### Exercise
No pictures are to be included when the entries below are reproduced exactly.

### Material supplied

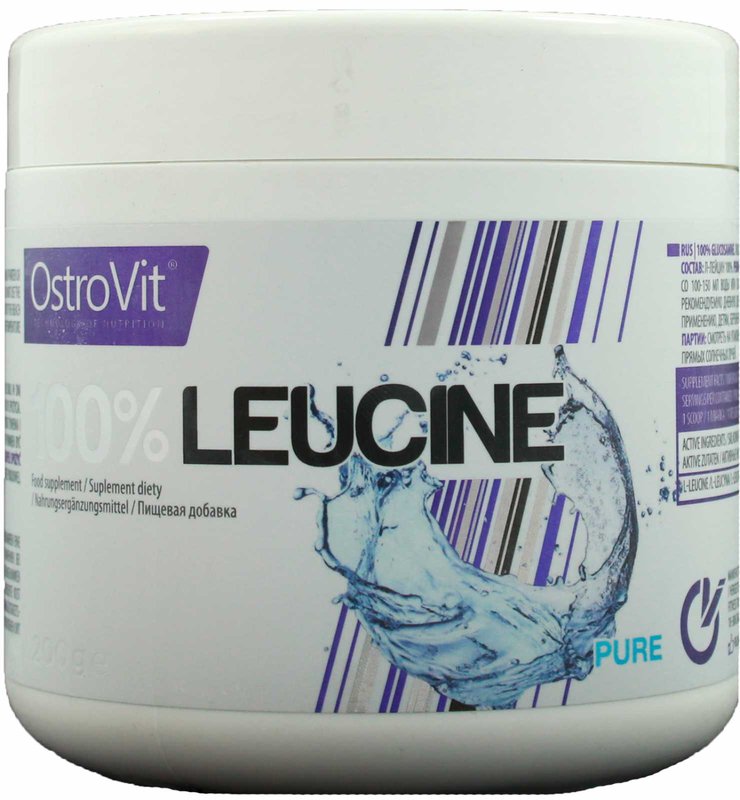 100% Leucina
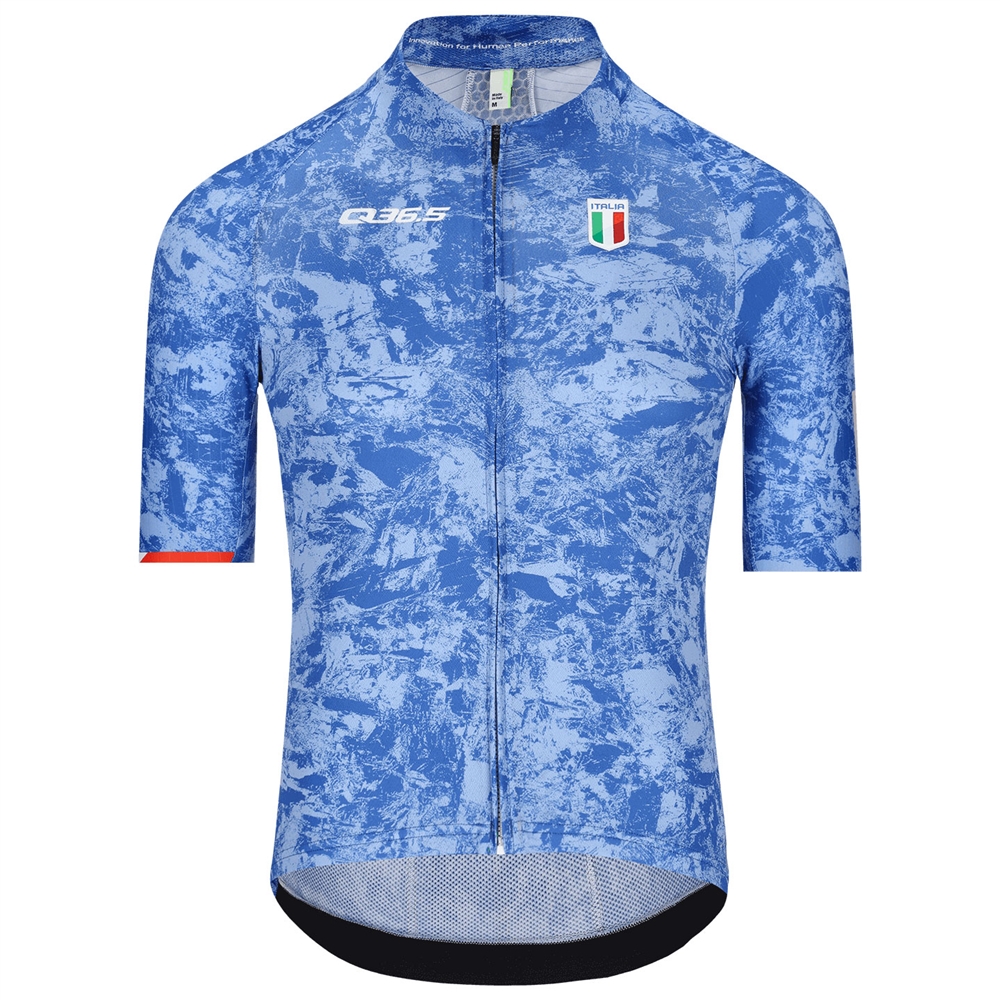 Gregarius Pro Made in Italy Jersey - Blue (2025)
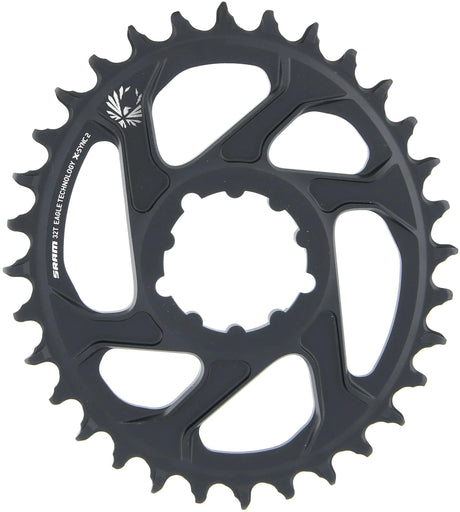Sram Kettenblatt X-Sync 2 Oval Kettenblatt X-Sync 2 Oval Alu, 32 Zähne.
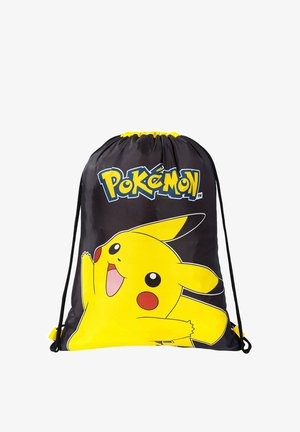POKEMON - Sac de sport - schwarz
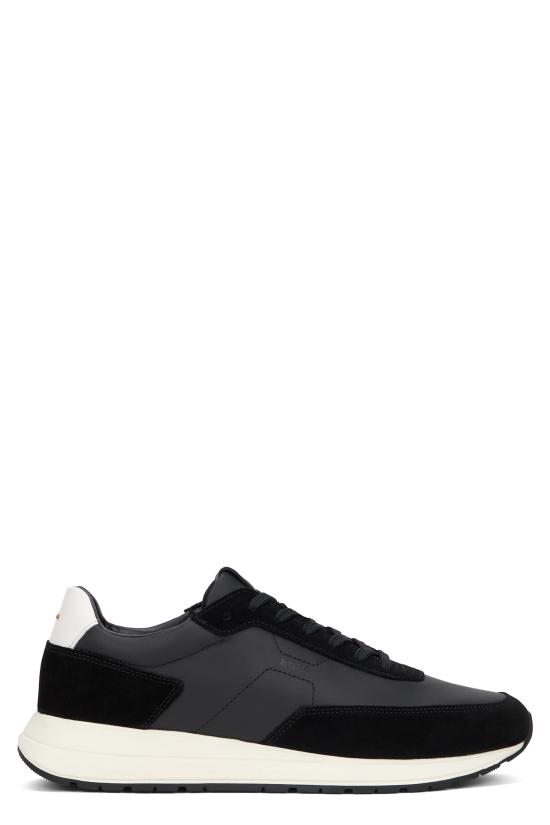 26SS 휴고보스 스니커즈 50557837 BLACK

### Answer for the task
 100% Leucina
 Gregarius Pro Made in Italy Jersey - Blue (2025)
Sram Kettenblatt X-Sync 2 Oval Kettenblatt X-Sync 2 Oval Alu, 32 Zähne.
POKEMON - Sac de sport - schwarz
 26SS 휴고보스 스니커즈 50557837 BLACK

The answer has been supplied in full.